Pictures stay out of the copy. Retype exactly the lines below from the one with "Фляжка стальная" through the one with "Heathcote & Ivory".

= SUPPLIED RECORDS =
+++++
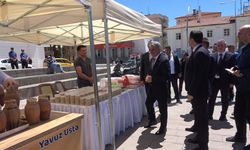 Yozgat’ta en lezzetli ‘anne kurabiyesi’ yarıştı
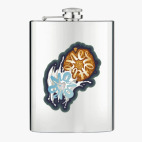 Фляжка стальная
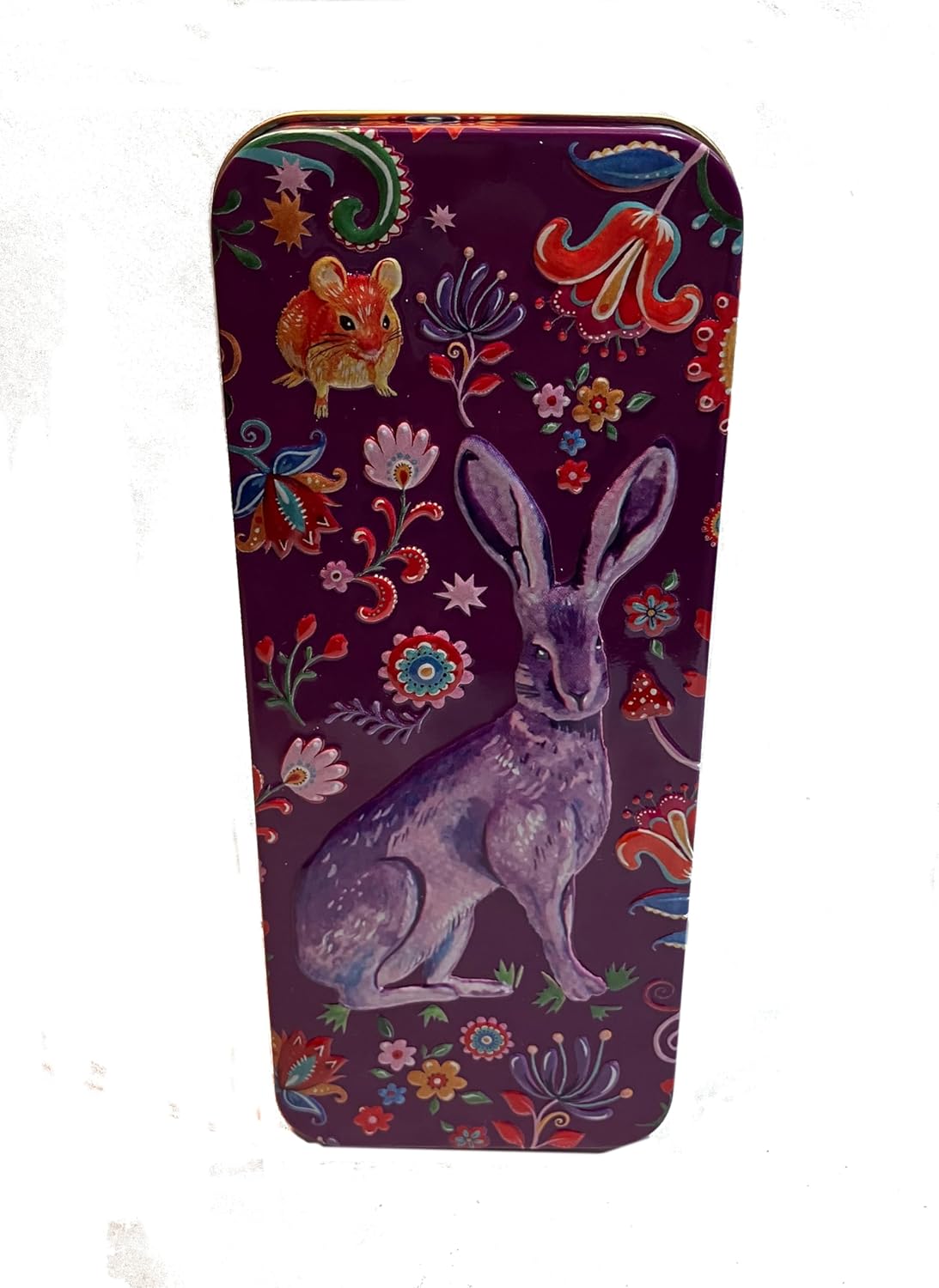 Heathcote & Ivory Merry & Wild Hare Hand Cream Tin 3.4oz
+++++
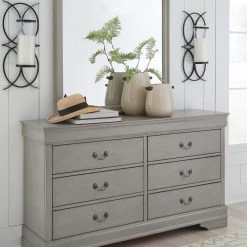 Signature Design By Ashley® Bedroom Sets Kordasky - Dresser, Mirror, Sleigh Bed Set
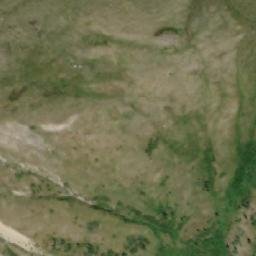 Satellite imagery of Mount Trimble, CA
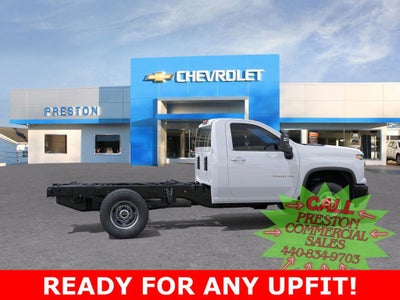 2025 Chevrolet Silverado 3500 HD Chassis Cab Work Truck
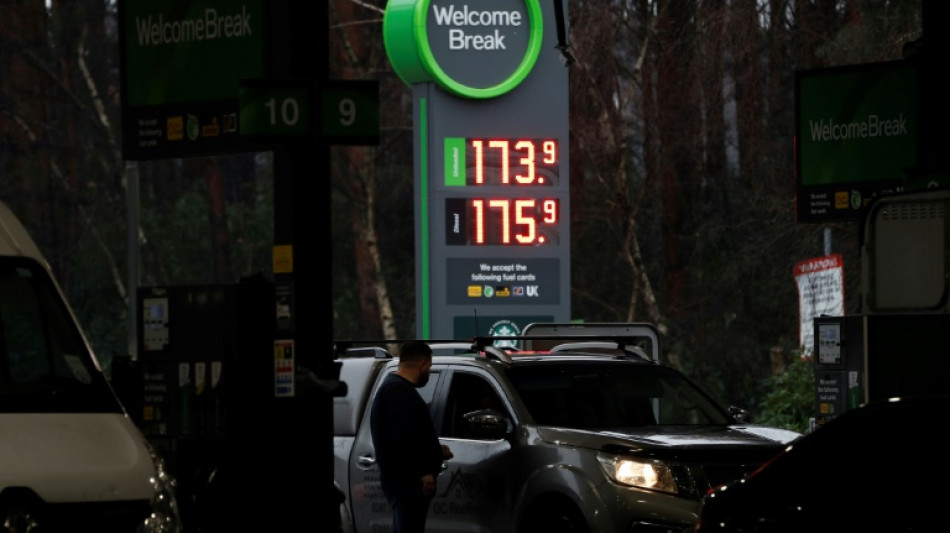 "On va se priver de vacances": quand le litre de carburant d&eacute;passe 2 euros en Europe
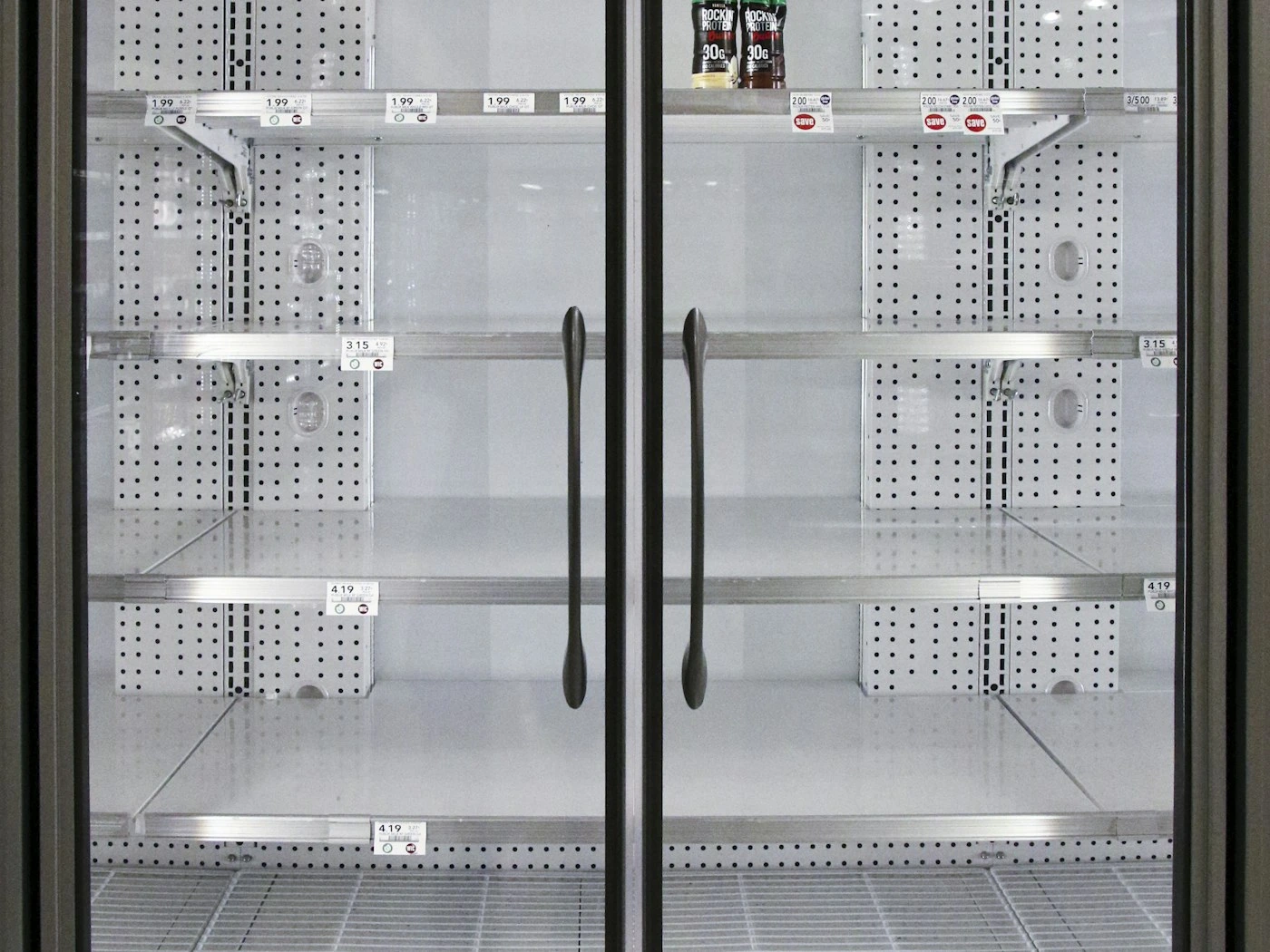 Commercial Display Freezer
+++++
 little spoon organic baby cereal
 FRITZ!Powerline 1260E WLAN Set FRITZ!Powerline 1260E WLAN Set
+++++
= OUTPUT OF THE TASK =
 Фляжка стальная
 Heathcote & Ivory Merry & Wild Hare Hand Cream Tin 3.4oz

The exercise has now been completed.